Paterson Councilman Alex Mendez. (Photo: Alex Mendez via Facebook)

Voters could see controversial Paterson Council race run for a third time

By Nikita Biryukov, May 01 2021 7:52 pm

The Passaic County Board of Elections has acknowledged that at least 19 ballots in a do-over of a Paterson City Council race that led to voter fraud charges were cast by voters who didn’t live in the city’s Third Ward, a move that potentially triggers yet another election in a race decided by just 9 votes.

In court filings, the Board of Elections admitted a ballot cast by Thurston J. Anderson was not counted in the final tally

Councilman Alex Mendez is currently facing criminal charges for his role the May 2020 municipal election.

Menendez finished 240 votes ahead of longtime incumbent William McKoy, but Passaic County Superior Court Judge Ernest Caposela blocked him from taking office and ordered a new election be held.
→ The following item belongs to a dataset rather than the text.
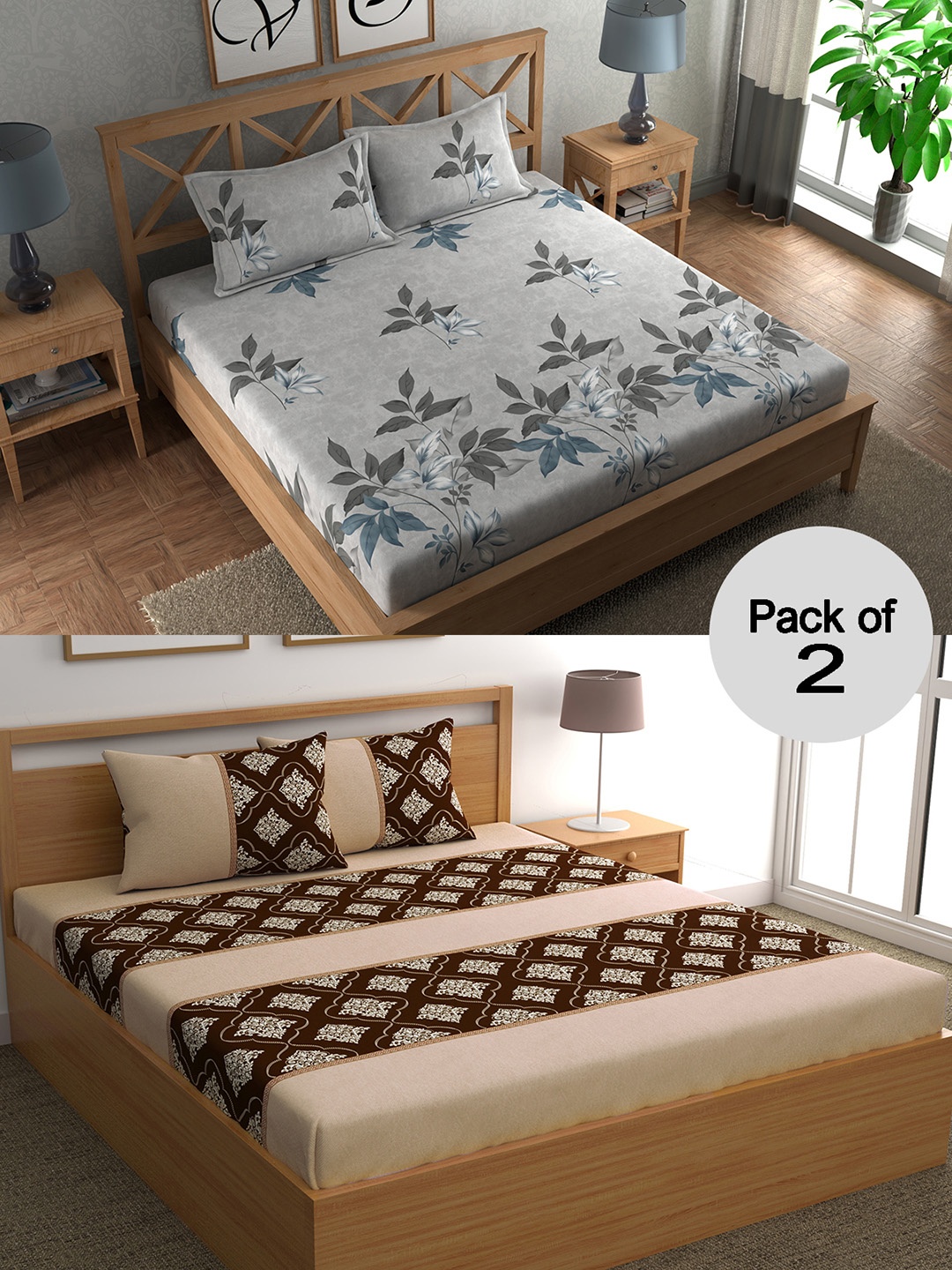 

CHHAVI INDIA Grey & White Floral 210 TC 2 Queen Bedsheet with 4 Pillow Covers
The true result of the May 12 race, he said, was unknowable, and the move avoided a protracted legal fight.

Mendez won the second Ward 3 race, held in November, by a mere 9 votes, leading McKoy 3,769-3,760.  He was sworn in following the certification of that election.

Matthew Moensch, an attorney for Mendez, told Caposela that delays in getting information from the election board has thrown them off schedule.

“We are continuing to work with the Board of Elections to obtain supplemental discovery from them, as well as documents from the Superintendent of Elections,” Moensch wrote in a letter on Friday.  “While we expect these records imminently, we do not yet have them.”

Deputy Attorney General Eric A. Reid told Caposela that “the Superintendent of Elections is still working on producing the requested documents and should be produced today.”

Caposela could call an entirely new free-standing election, or order the non-partisan contest re-run, again, concurrent with the November general election.

Mendez was indicted in March, ten months after Attorney General Gurbir Grewal arrested him on charges of election fraud, mail-in ballot fraud, unauthorized possession of ballots, tampering with public records and falsifying records.